- Task instructions -
An exact reproduction of the listing is wanted, with the pictures dropped.

(The data)

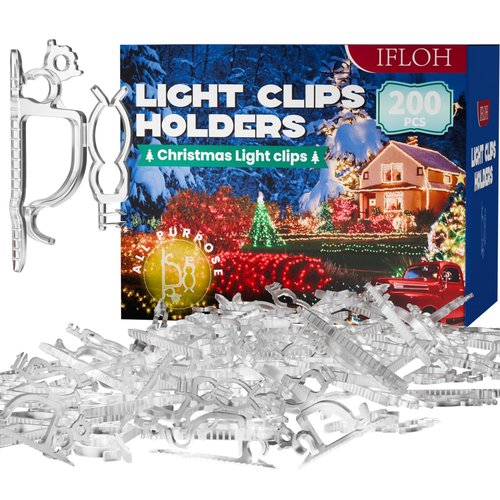 IFLOH Holiday Light Clips [Set of 200] Christmas Outdoor Light Clips - Mount to Shingles & gutters - Works with Mini, C6, C7, C9, Rope, Icicle Lights - No Tools Required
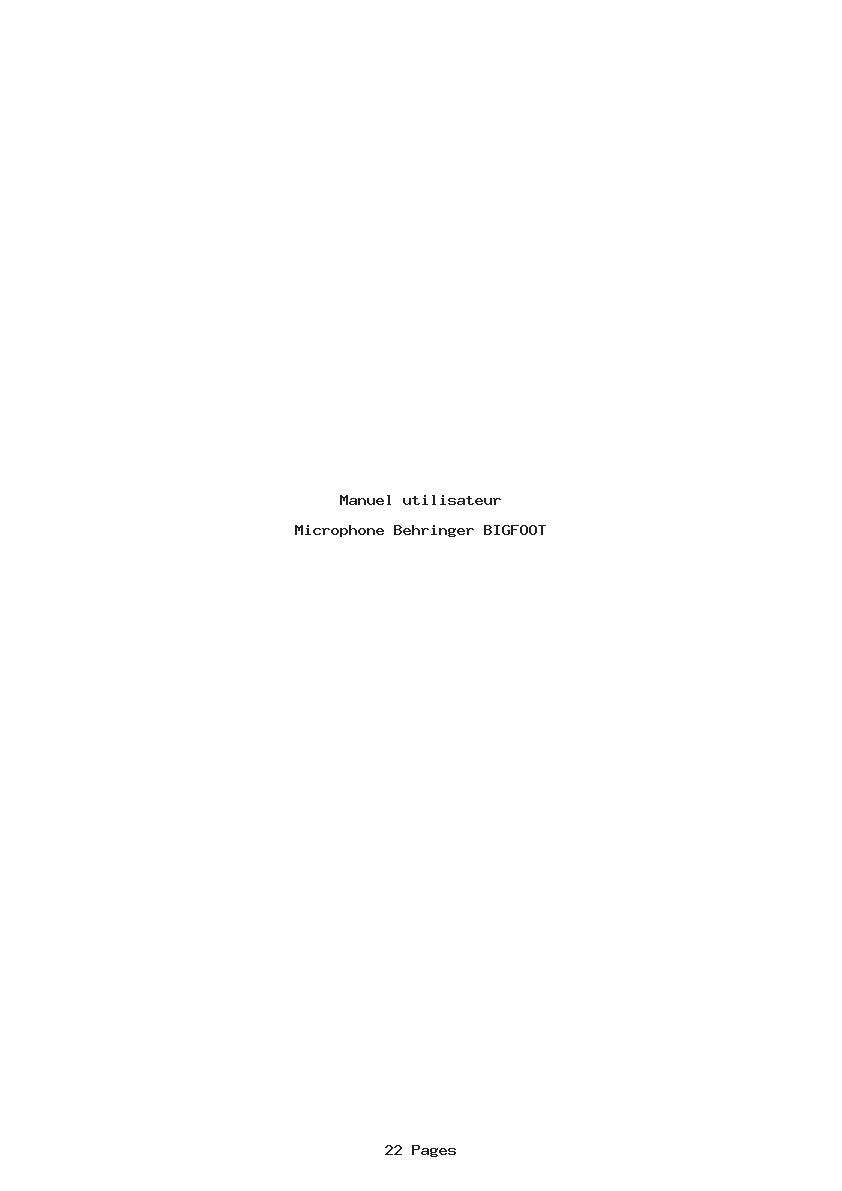 Page 1 de la notice Manuel utilisateur Behringer BIGFOOT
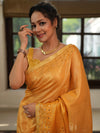 Banarasee Handloom Linen Saree With Mirror Work-Mustard Yellow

(End The data)

- Response area -
 IFLOH Holiday Light Clips [Set of 200] Christmas Outdoor Light Clips - Mount to Shingles & gutters - Works with Mini, C6, C7, C9, Rope, Icicle Lights - No Tools Required
 Page 1 de la notice Manuel utilisateur Behringer BIGFOOT
 Banarasee Handloom Linen Saree With Mirror Work-Mustard Yellow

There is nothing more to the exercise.